The Canadian shore of Lake Superior, all 1500+ miles of it, is made of granite. Canadian Shield granite, among the oldest and toughest rocks on the planet. The continental glacier ground across this broken landscape two miles thick, back in the Pleistocene – 570,000 pounds of ice per square foot – and it still couldn’t do much more than sand off the edges.

What the glacier couldn’t cut away is today one of the most spectacular waterscapes in North America. Smooth gray cliffs plunge into clear water that stretches to a wide, oceanic horizon; a maze of intricate coves, headlands, and islands competes for your attention with small inland lakes and occasional beaches of coarse tan sand. Wildflowers and conifers find tentative footholds. The land is so rugged and the rock is so hard that the section of the Trans-Canada Highway along Superior’s north shore wasn’t completed until 1960, and to get it done at all required a large loop inland between the small communities of Wawa and Marathon. That left over 100 miles of Superior’s finest shoreline scenery completely untouched. In 1978, 70 miles of that shoreline and over 700 square miles of the adjacent inland area were set aside as Pukaskwa National Park.
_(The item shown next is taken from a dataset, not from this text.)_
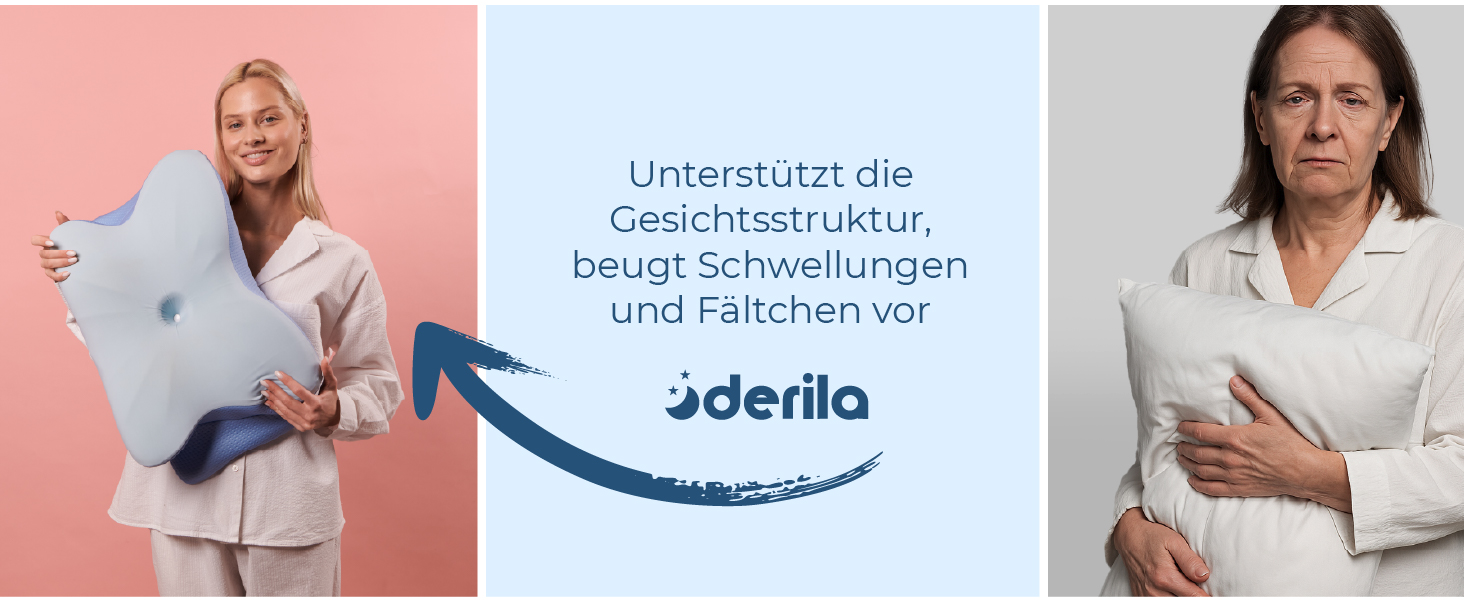 Ергономічна подушка для шиї та голови Derila з ефектом пам'яті (Memory Foam), ортопедична підтримка для сну на боці, спині та животі, 54x36x12 см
North Head from South Head.
Wineleaf cinquefoil, Sibbaldiopsis tridentata

There are still no roads along the Pukaskwa shore; if you want to see very much of it, you must either walk or kayak. However, there is now a road down the Pic River, at the northern boundary of the park, where drivers can touch the shore at one spot. The park’s visitor center is at the end of that road, on a granite-cupped Lake Superior embayment known as Hattie Cove. Beside the visitor center is a small campground, and fanning out from that are two trails onto a pair of the Pukaskwa’s spectacular granite headlands; an interpretive trail around a small inland lake; a short beach trail; and the northern terminus of the still-incomplete Lake Superior Shoreline Trail. So remote is the area, and so little known is the park, that the campground’s 67 sites rarely fill completely even at the height of the summer travel season.

Hattie Cove.

Melody and I arrived at Hattie Cove around 3 PM on a Friday afternoon in late August, 2014. We had our pick of the sites; the campground was only about half full. We were driving a Chevy Volt at the time – an electric car with a short battery range but an onboard gasoline-powered generator that could supply electricity to the motor when the battery ran out – so we chose a site with electrical hookups, plugged in, and went for a hike. We took a second hike the next morning, in one of the prettiest sunrises ever, before pulling up stakes with the battery not quite full and heading back to the Trans-Canada. These pictures, with captions, will let you see some of what we saw. Enjoy your visit.

Sunrise over Hattie Cove.
North from South Head.
South from South Head.
Mists playing around the narrow entrance to Hattie Cove.
Bunchberry, Cornus canadensis.

Harebell, Campanula rotundifolia.
Horseshoe Cove., early morning.

Oh, and the name? It’s pronounced PUCK-uh-saw. Don’t ask.

Hattie Cove from South Head, early morning.